* **Dataset records**
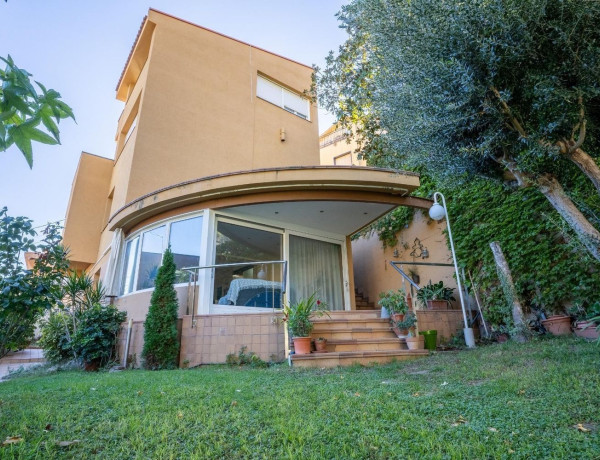 Chalet independiente en venta en  Calle d'August Font, Barcelona photo 2
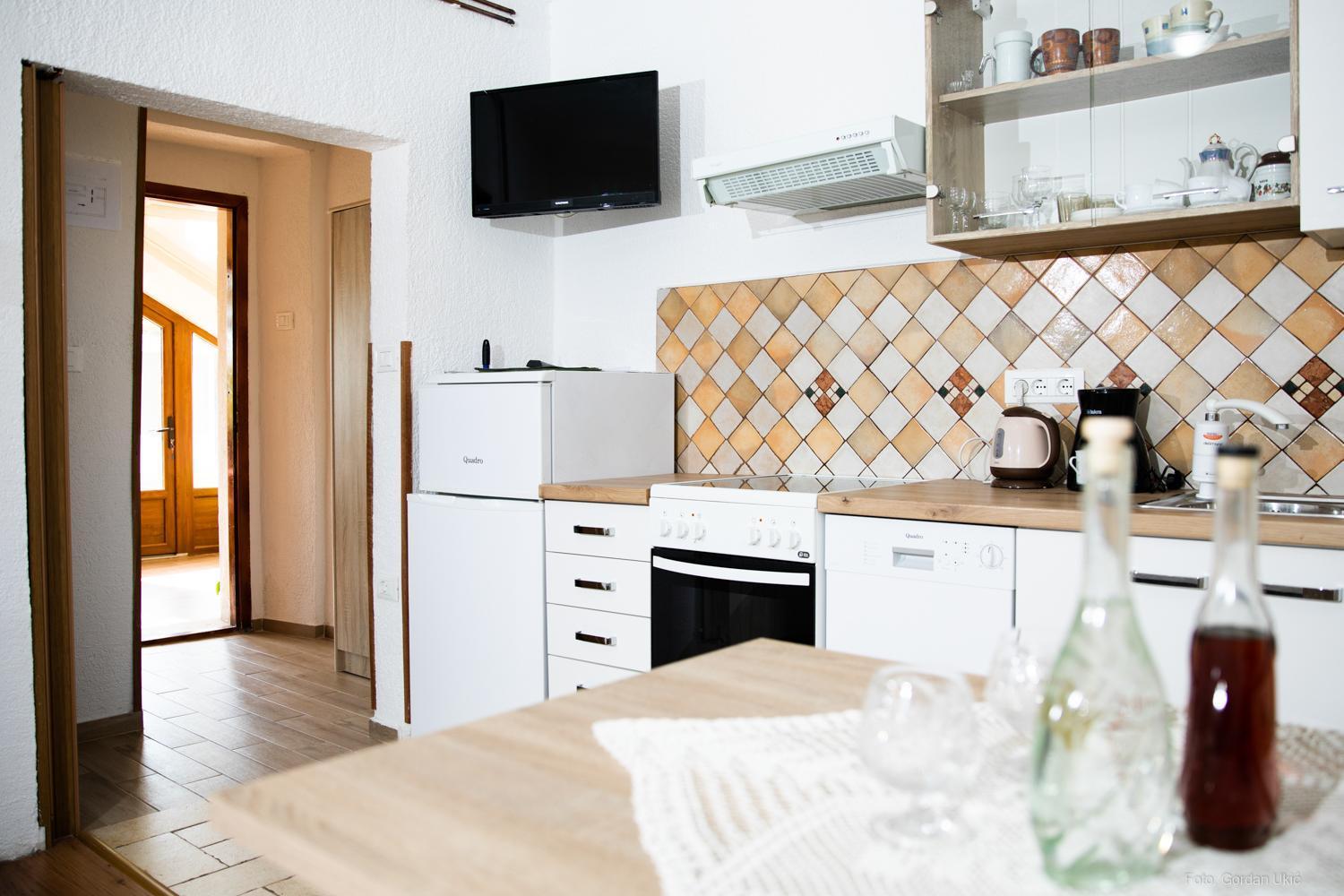 Apartments Faris Kanfanar Eksteriør bilde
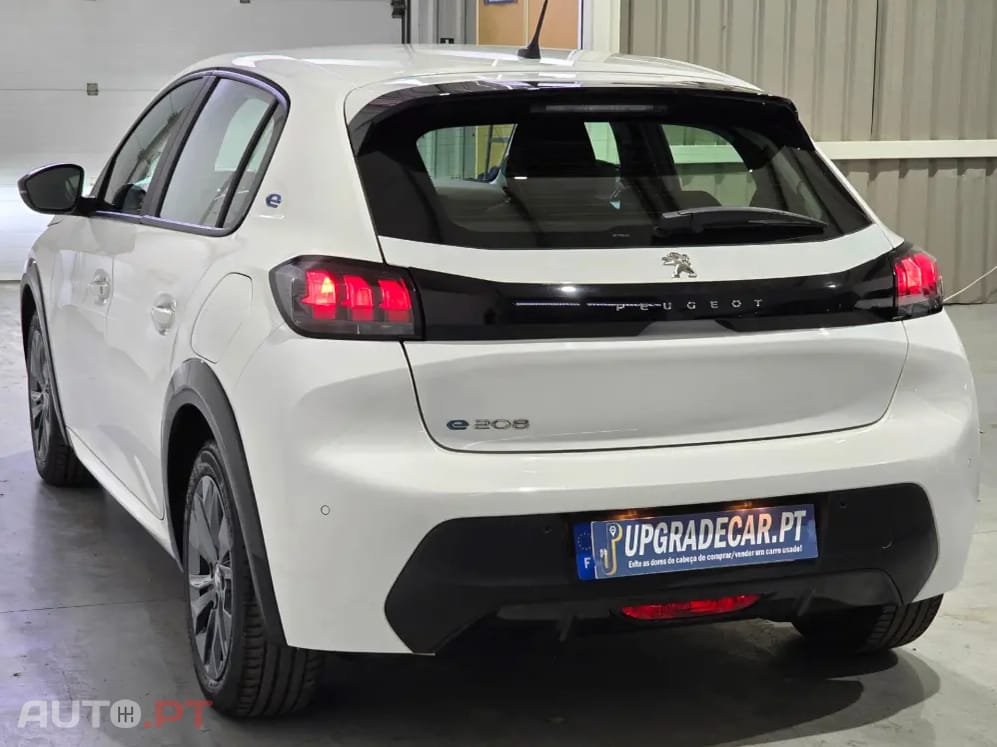 Peugeot E-208 50 kWh SE Style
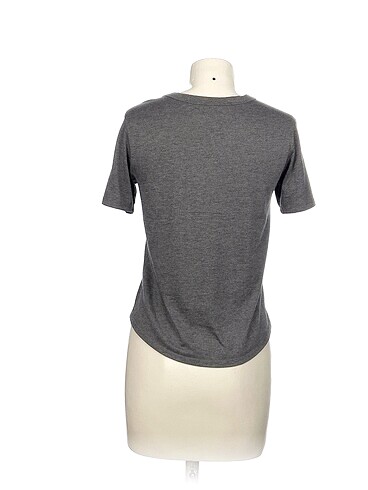 m Beden Koton T-shirt %70 İndirimli.
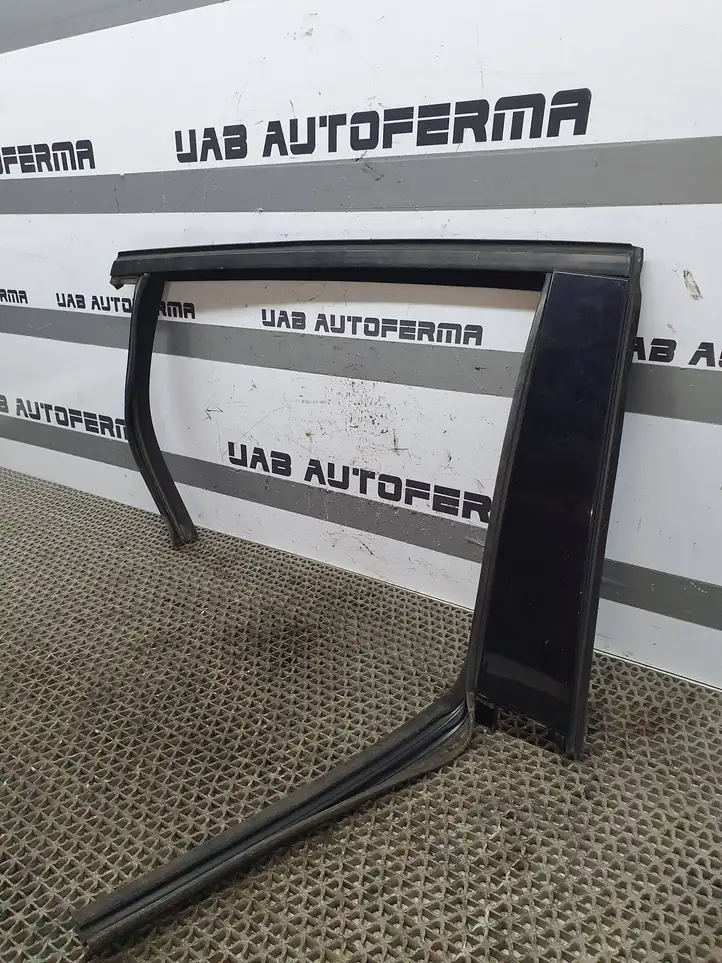 Ford Focus (2011 - 2015) BM51A254A40 Накладка стекла задней двери — фото 2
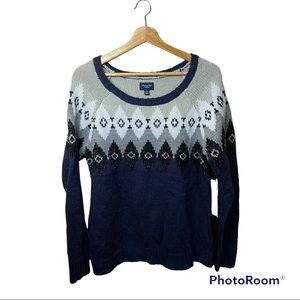 American Eagle Fair Isle Sweater Silver Stitch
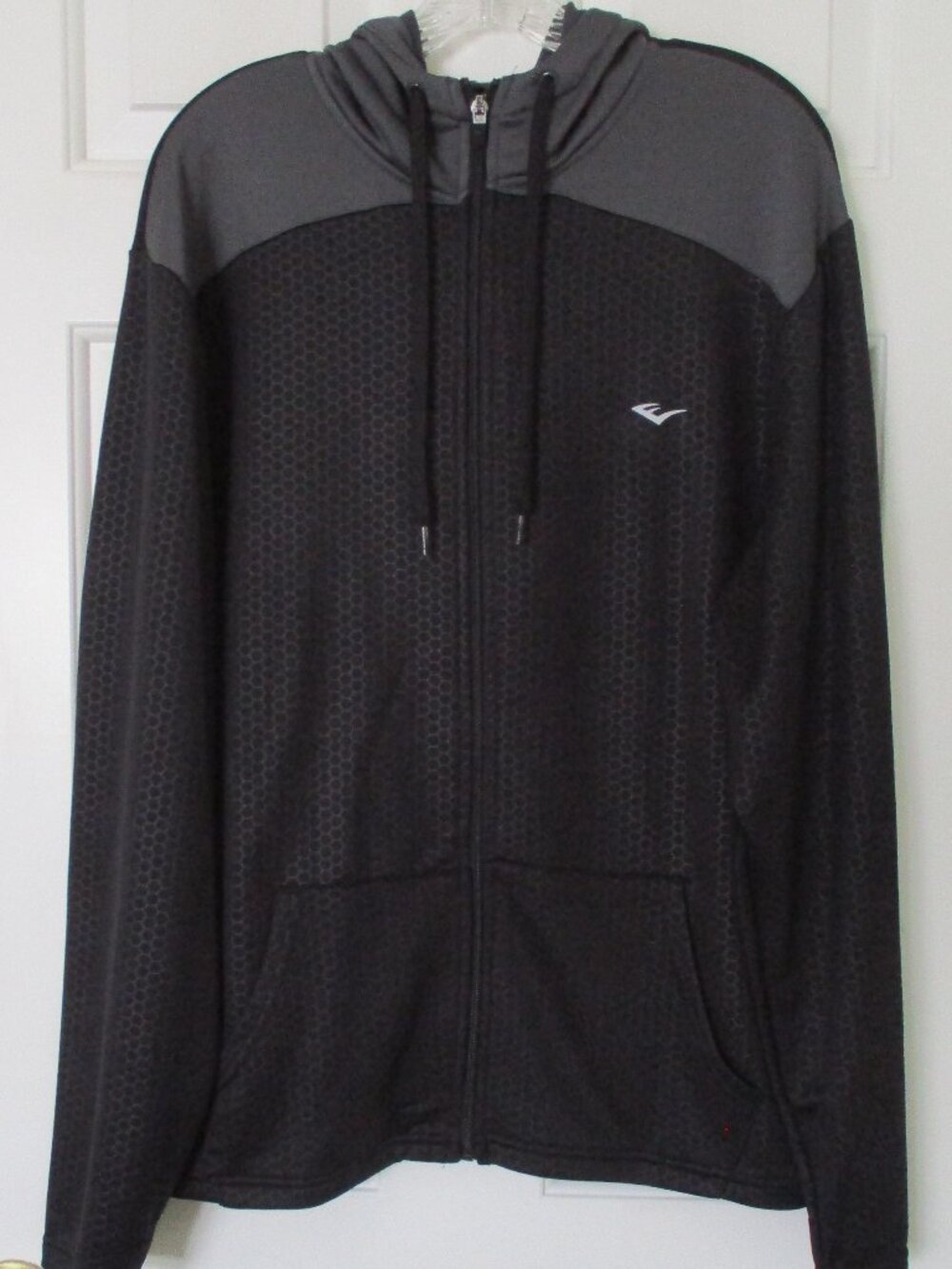 Everlast Mens L/S Black & Gray Full Zip Hoodie Sweatshirt NWOT - Size Large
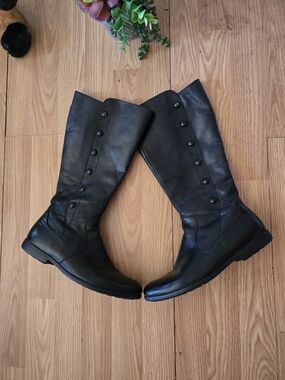 Classic Born leather riding boots with a row of black fabric-covered buttons,#8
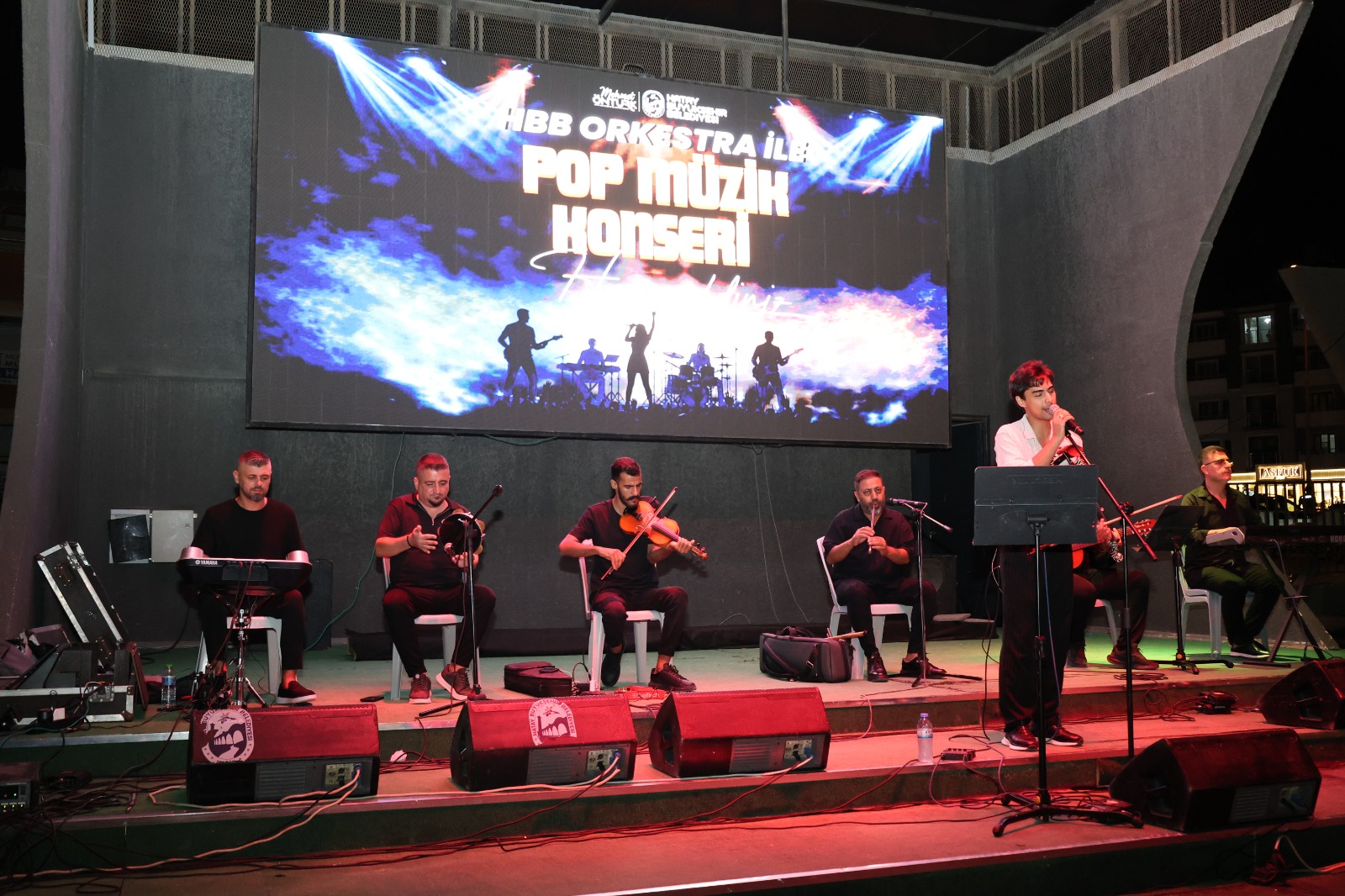 HBB ORKESTRASI’NDAN MÜZİKSEVERLERE UNUTULMAZ AKŞAM 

* **Exercise requirements**
Only the lines from the one containing "Apartments Faris Kanfanar Eksteriør bilde" through the end of the records are wanted, set down exactly and without their pictures.

* **Solution**
 Apartments Faris Kanfanar Eksteriør bilde
 Peugeot E-208 50 kWh SE Style
 m Beden Koton T-shirt %70 İndirimli.
 Ford Focus (2011 - 2015) BM51A254A40 Накладка стекла задней двери — фото 2
 American Eagle Fair Isle Sweater Silver Stitch
 Everlast Mens L/S Black & Gray Full Zip Hoodie Sweatshirt NWOT - Size Large
 Classic Born leather riding boots with a row of black fabric-covered buttons,#8
 HBB ORKESTRASI’NDAN MÜZİKSEVERLERE UNUTULMAZ AKŞAM 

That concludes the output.